Трибун согласился с этим замечанием: гул голосов напоминал рев римской толпы, разгоряченной кровавым зрелищем. Он поймал взгляд Горгидаса, который беседовал с кем-то из иностранных послов, сидевших несколькими рядами ниже. Как хороший историк, грек хотел видеть происходящее с близкого расстояния и предпочел компанию послов. Врач внимательно слушал Арига, сына Аргуна, и быстро записывал что-то на восковой табличке. Еще три таблички висело у него на поясе. Тасо Ванес, посол из Катриша, приветственно махнул рукой трибуну, и тот улыбнулся ему в ответ. Марку всегда нравился этот невысокий человек, остроумный и наблюдательный, несмотря на весьма заурядный облик.
Амфитеатр наполнился звуками рогов, толпа заревела громче. Сопровождаемый неизменными телохранителями и носителями зонтов, Гаврас въехал на середину арены Амфитеатра. Аплодисменты, звучавшие, пока Туризин поднимался к своему месту, были достаточно громкими, но все же не такими оглушительными, как год назад, когда Скаурус слушал здесь речь Маврикиоса, объявившего войну Казду. В данном случае народ хотел видеть не Императора.
Каждый отряд, проходивший мимо Гавраса, приветствовал его, воздевая оружие. По отрывистой команде Гая Филиппа римляне вскинули перед собой свои копья. Гаврас еле заметно кивнул. Как и старший центурион, он был старым солдатом, и они прекрасно понимали друг друга.
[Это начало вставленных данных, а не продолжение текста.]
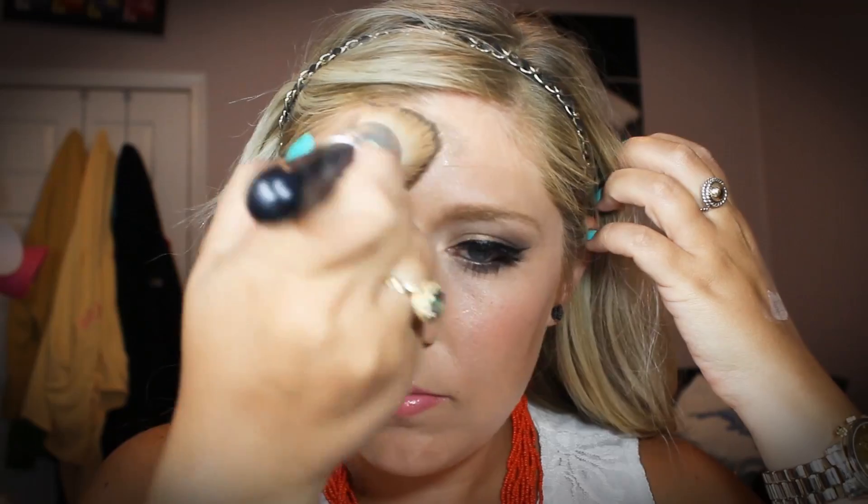Now I'm just going to set it all with my MAC Fix Plus. I love this stuff — I always go back to it. I think it helps my makeup to last longer and helps to blend it all together. I just go over it afterwards to absorb any excess and put the finishing touches on.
Бюрократы-чиновники чувствовали себя далеко не так уверенно. Они заметно нервничали, кланяясь своему новому повелителю. Гуделес был бледен как полотно, и лицо его резко выделялось на фоне халата из темно-синего шелка.
Гаврас обращал на них внимания не больше, чем на шум толпы или стоящие вокруг многочисленные статуи: бронзовые, мраморные, выточенные из слоновой кости, среди которых выделялся позолоченный гранитный обелиск, взятый в Макуране как военный трофей много лет назад.
Увидев иностранных послов, Император оживился. Он задержался на минуту, чтобы сказать что-то Гавтрузу из Татагуша, и крепкий грубоватый посол согласно кивнул. Затем Гаврас сказал несколько слов Тасо Ванесу. Катриш засмеялся и дернул себя за, редкую бородку, такую же смешную и нелепую, как у Гавтруза. Даже не слыша разговора, Марк понял, о чем идет речь. Он тоже думал, что маленькая бороденка смешно смотрелась на лице Ванеса, который, не будь ее, был бы как две капли воды похож на видессианина. Но его правитель все еще требовал, чтобы подданные оставались верны некоторым традициям и обычаям их предков-каморов, которые создали государство из отвоеванных провинций Видессоса несколько веков тому назад, так что маленький щуплый посол был обречен пожизненно носить на лице эту чахлую растительность как знак принадлежности к своему народу.
Туризин уселся в высокое кресло, стоящее в центре Амфитеатра. У кресла не было спинки, так что все присутствующие могли видеть Императора. Носители зонтов встали возле него. Он поднял правую руку в повелительном жесте, толпа затихла и поднялась со своих мест, люди вытягивали шеи, чтобы получше разглядеть происходящее. Они все хорошо знали, куда нужно смотреть.
Широко открылись ворота, через которые вступали в Амфитеатр беговые лошади в дни скачек. Сегодня процессия была намного короче: могучий герольд Туризина, два видессианских охранника в позолоченных кирасах, и слуга, ведущий в поводу осла. На осле задом наперед сидел в грязном седле Ортайяс Сфранцез, уныло созерцавший ослиный хвост. Знакомые с ритуалом видессиане разразились хохотом. Кто-то бросил в него перезрелую тыкву, которая, упав у самых ног осла, разлетелась и брызнула во все стороны сочной мякотью. В Ортайяса полетели тухлые яйца, но поток их вскоре прекратился. Видессос только что пережил осаду, и у горожан было не так много продуктов, чтобы они могли ими разбрасываться.